Python API for the KITScenes Multimodal autonomous driving dataset.
A high-fidelity sensor suite and the most complete HD maps of any public autonomous driving dataset.
Links: Dataset website · Download on HuggingFace · Python API on GitHub
Early release. KITScenes Multimodal is published on HuggingFace at version 1.0.x. The on-disk schema is in place, but files, annotations, splits, and documentation may still change. For final benchmark reporting, please wait for a more stable public release.
Reprojection of HD map labels into 6 of the 9 cameras, with LiDAR points reprojected into the rear cameras.
KITScenes Multimodal is a European urban autonomous driving dataset targeting Level 4 robotaxi requirements, recorded across Karlsruhe, Frankfurt, and Sindelfingen by the Institute of Measurement and Control Systems (MRT) at Karlsruhe Institute of Technology (KIT). The dataset is built around a high-fidelity sensor suite: nine high-resolution global-shutter cameras provide full 360° surround coverage at 72.5 MPix per frame, enabling novel view synthesis and holistic HD map perception, while seven highly dense long-range LiDARs with an effective range beyond 400 m push the limits of what current perception methods can achieve.
KITScenes Multimodal provides what we believe to be the most complete HD maps of any public autonomous driving dataset, annotated in Lanelet2 format across 62 km² with full topological connectivity between lanes, signs, and traffic lights. The maps have been validated in closed-loop autonomous driving trials using the open-source Autoware stack — meaning they are ready to drive on directly, while simultaneously enabling research to close the gap between the current state of the art and the actual requirements of L4 robotaxi deployment.
| 1,000+ driving scenarios | 72.5 MPix per frame · global shutter | 400+ m effective LiDAR range | 62 km² Lanelet2 HD maps |
This repository provides the Python kitscenes package for loading scenes, accessing synchronized sensor data, querying HD maps, and running visualization / download tooling against the dataset hosted on HuggingFace.
Highlights
- European urban focus — recordings from Karlsruhe, Frankfurt, and Sindelfingen
- High-fidelity sensor suite — 72.5 MPix global-shutter surround cameras, 7 LiDARs (~906k points/frame on average), 3 Continental ARS548 4D imaging radars, and redundant GNSS/INS
- Long-range sensing — effective LiDAR range beyond 400 m with substantially higher return density than common public driving datasets
- Production-grade HD maps — Lanelet2 maps with lane topology, regulatory elements, 29 road-feature classes, 120 traffic-sign classes (GTSIGN-220 taxonomy), and 3D-localized signs, traffic lights, and poles
- Research benchmarks — relational HD map perception, long-range monocular depth estimation, novel view synthesis, and end-to-end / world-model research
License: This repository (the kitscenes Python package) is licensed under Apache-2.0. The KITScenes Multimodal dataset is separate — see License below.

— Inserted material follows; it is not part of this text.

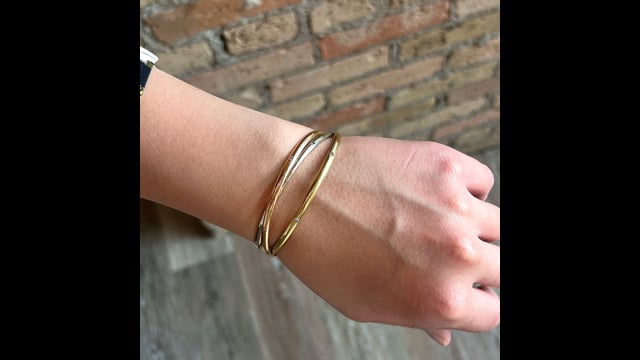Tricolor Diamond Bangle Bracelet in 18k Gold – Filigree Jewelers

Citation: If you use KITScenes Multimodal in research, please cite The Road Ahead in Autonomous Driving: The KITScenes Multimodal Dataset (arXiv:2606.02956). BibTeX below.
The HuggingFace dataset follows Semantic Versioning (MAJOR.MINOR.PATCH) for data and on-disk layout:
| Bump | Version | Meaning |
|---|---|---|
| Major | X.0.0 |
New dataset schema or file format — breaks backwards compatibility |
| Minor | 1.X.0 |
New driving data — additional scenarios or recordings |
| Patch | 1.0.X |
Updated maps, labels, metadata, or calibrations within the existing schema — fully compatible, no new scenarios |
Releases are tagged on HuggingFace (e.g. v1.0.1) for reproducible experiments. Pin a tag or commit when downloading for benchmark work (current 1.0.1 release not recommended for benchmark reporting). See the dataset README for release notes.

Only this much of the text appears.